Something gave a familiar brrrrr. Cassie rolled her eyes. “We charged your stupid, grubby phone. It’s been doing that constantly.” She peered at the phone on the bedside table. “You have …216 messages.”

She held the phone out to me, but I shook my head. Not yet. And not only because I couldn’t feel my thumbs.

“You want to hear this morning’s news article about you? You made the front page!”

“Sure,” I said. I didn’t really care, but she seemed to.

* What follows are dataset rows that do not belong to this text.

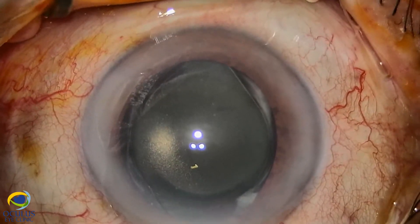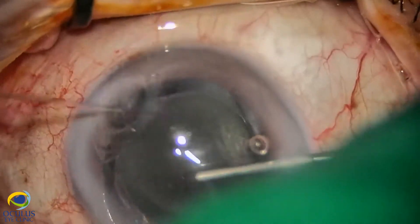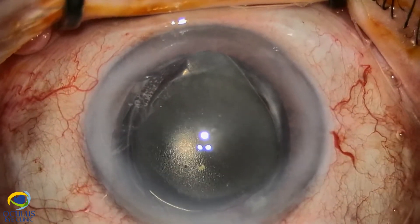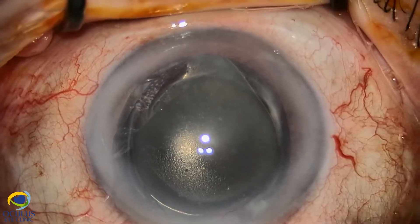Hello, this is Dr. Rozana Moraru from Oculus Eye Clinic, Bucharest, and I'm going to present you a case in which we needed to explant an opacified IOL and to implant a new posterior chamber IOL.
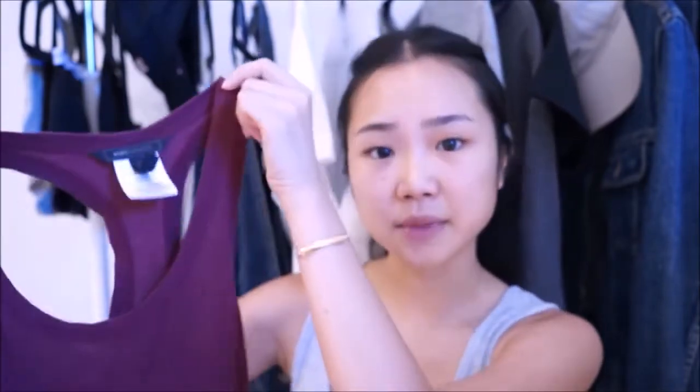All you need is a cami. The reason why I thought of this DIY is because I have a lot of camis and t-shirts that are always way too long on me. I don't know if it's because I have a really short torso, but I have a bunch of camis that are way too long.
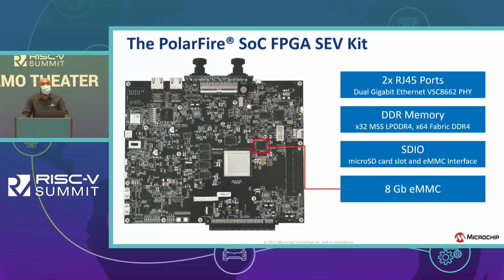Rounding out the board: two RJ45 ports and DDR memory — the LPDDR4 connects to the MSS system, while the DDR4 helps with high-bandwidth imaging and video applications. The SDHC interface is used to enable an SD card, or you can connect to the eMMC that's on the board.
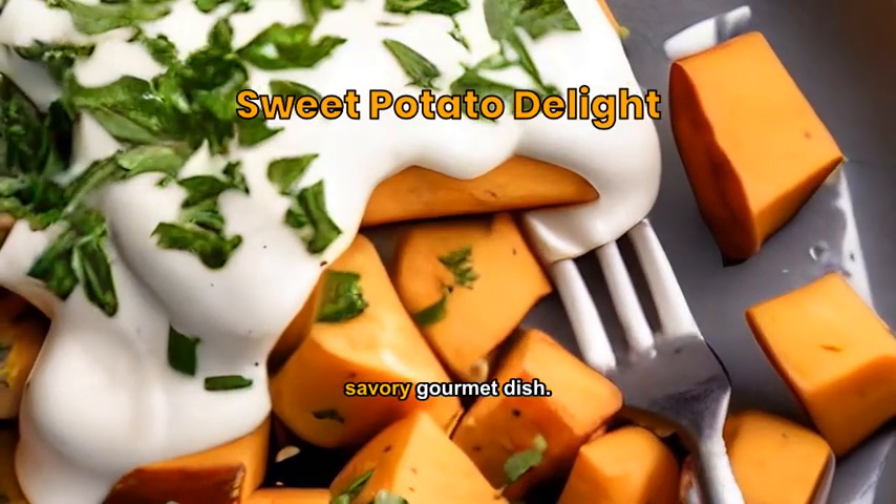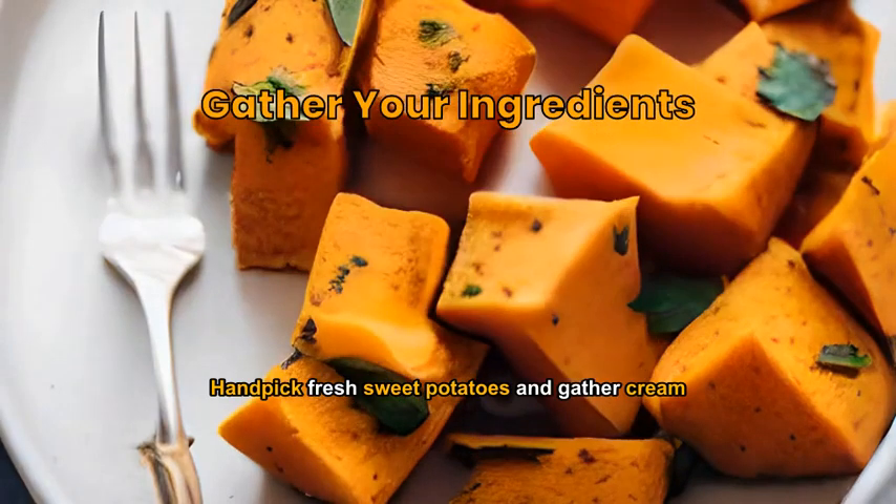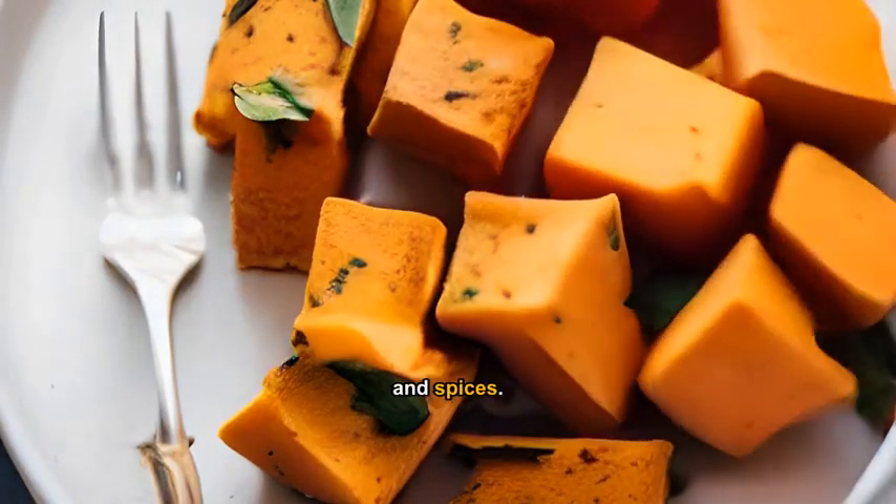A perfect blend of sweet potato in a savory gourmet dish. Handpick fresh sweet potatoes and gather cream, parsley, and spices.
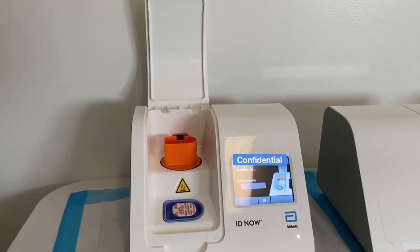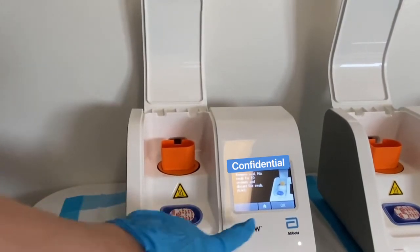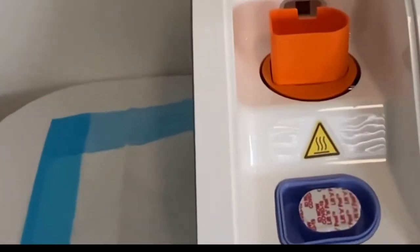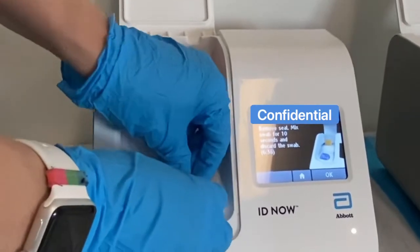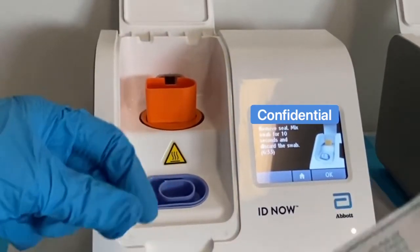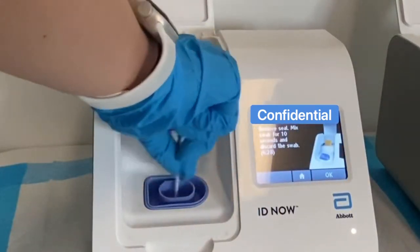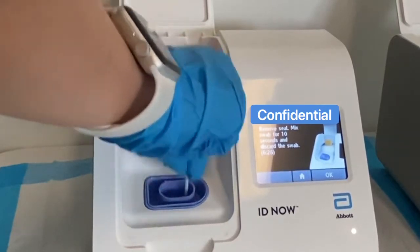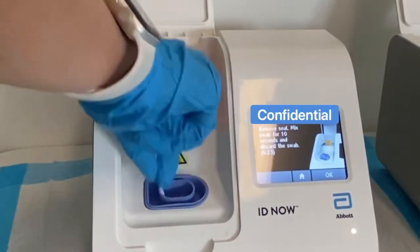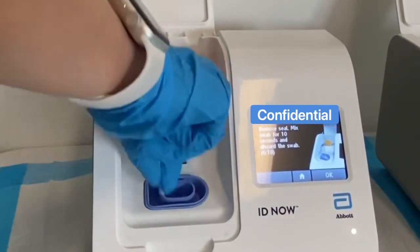Fast forward three minutes, and now you have the blue sample port right here, which is fully warm for your sample — the swab, of course. It says to go ahead and remove the seal and mix the swab for 10 seconds. Be careful not to accidentally spill it when opening or swishing it around. You want to fully count 10 seconds and make sure the sample is fully incorporated into the fluid, so that's why I'm stirring like this.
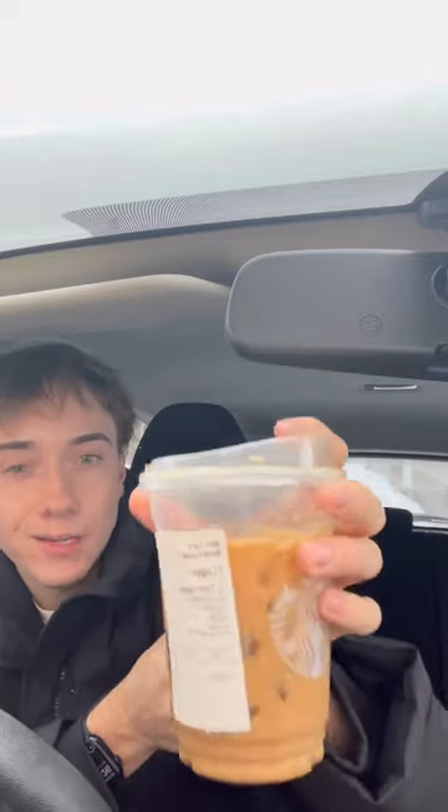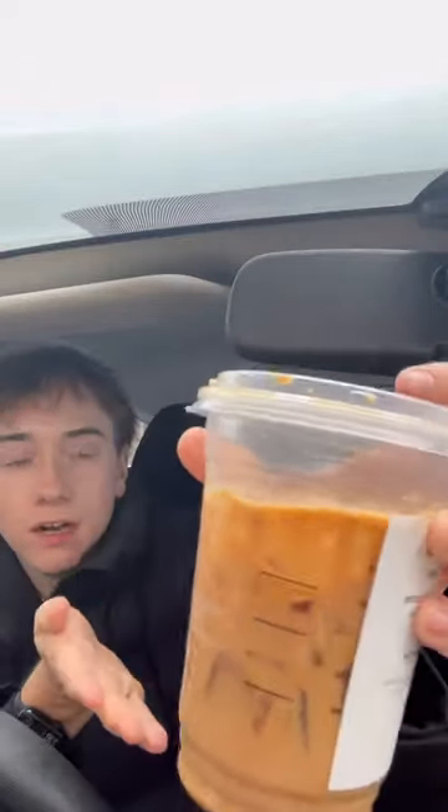Look at the color — you can tell it's good. This is a triple espresso in a grande cup, extra ice, triple espresso, two sugars, extra oat milk. You have to get extra ice to make the perfect ratio. Look at the color — you know it tastes like coffee. A lot of times they just don't even taste the coffee.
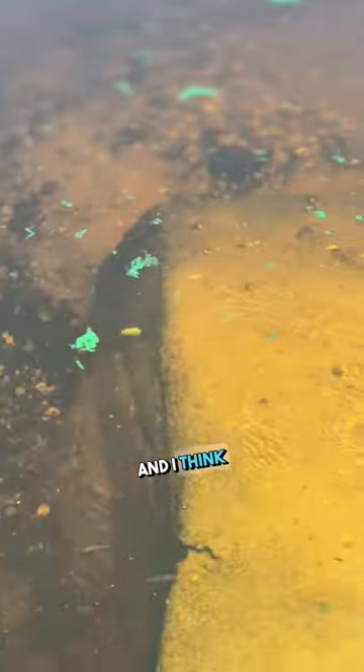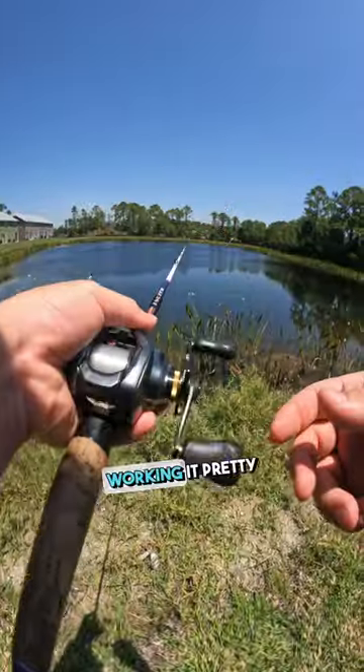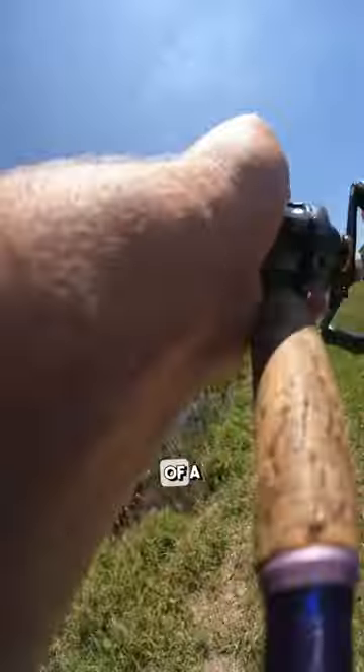This is what it looks like in the water and I think it replicates a bait fish perfectly. Tossing this bad boy out there and I'm working it pretty fast because I have the patience of a three-year-old.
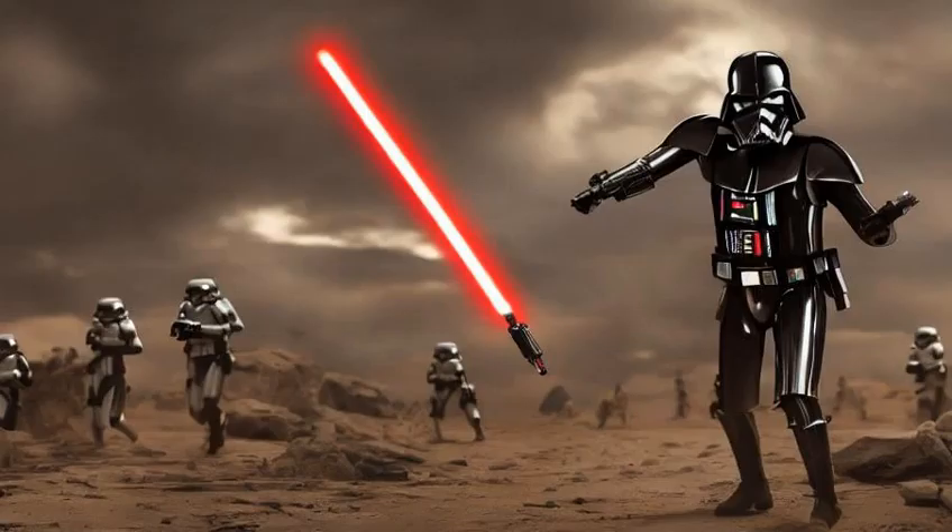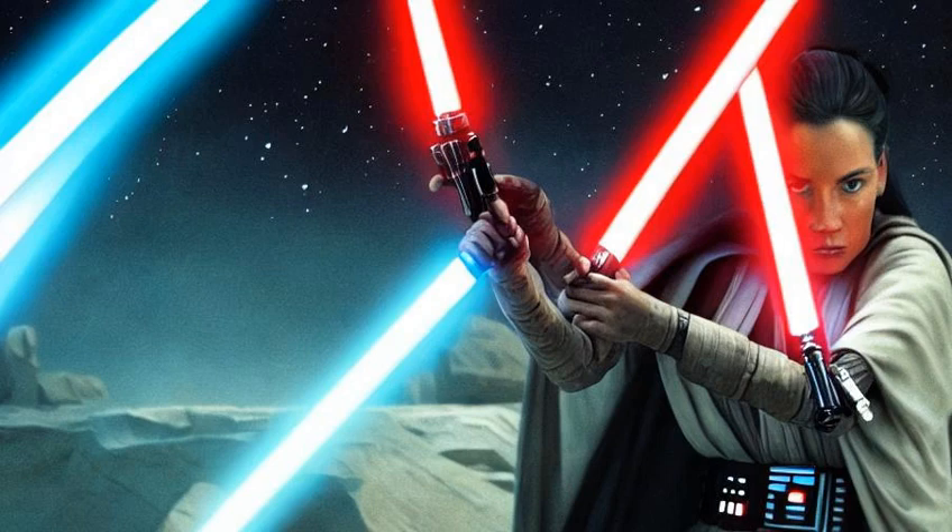It was a weapon that required skill and training, and was greatly enhanced when used in conjunction with the Force. Though also used by the Sith, the lightsaber was synonymous with the Jedi, with some in the galaxy believing only Jedi could use lightsabers.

Cassie grabbed the newspaper.

“Front page!” she emphasized, turning the paper so I could see it. “Here goes. The headline is Find Flynn: Extensive Rescue Operation Called off as Boy Rescues Self. And now here’s the article: A thirteen-year-old boy is in stable condition after surviving three days of subzero temperatures while lost deep in the backcountry southeast of the city.” Cassie looked over at me. “This is the best part: ‘He just wandered out of the forest off Tamarack Point there, right onto the road,’ said Dave Wosnicki, the city bus driver who picked up the boy and alerted authorities. ‘He looked awful—eye all swollen up, scratched all over, absolutely filthy. Kept shedding leaves every time he moved. The kid staggers onto the bus like a frigging zombie, reaches into his pocket and hands me a ticket!’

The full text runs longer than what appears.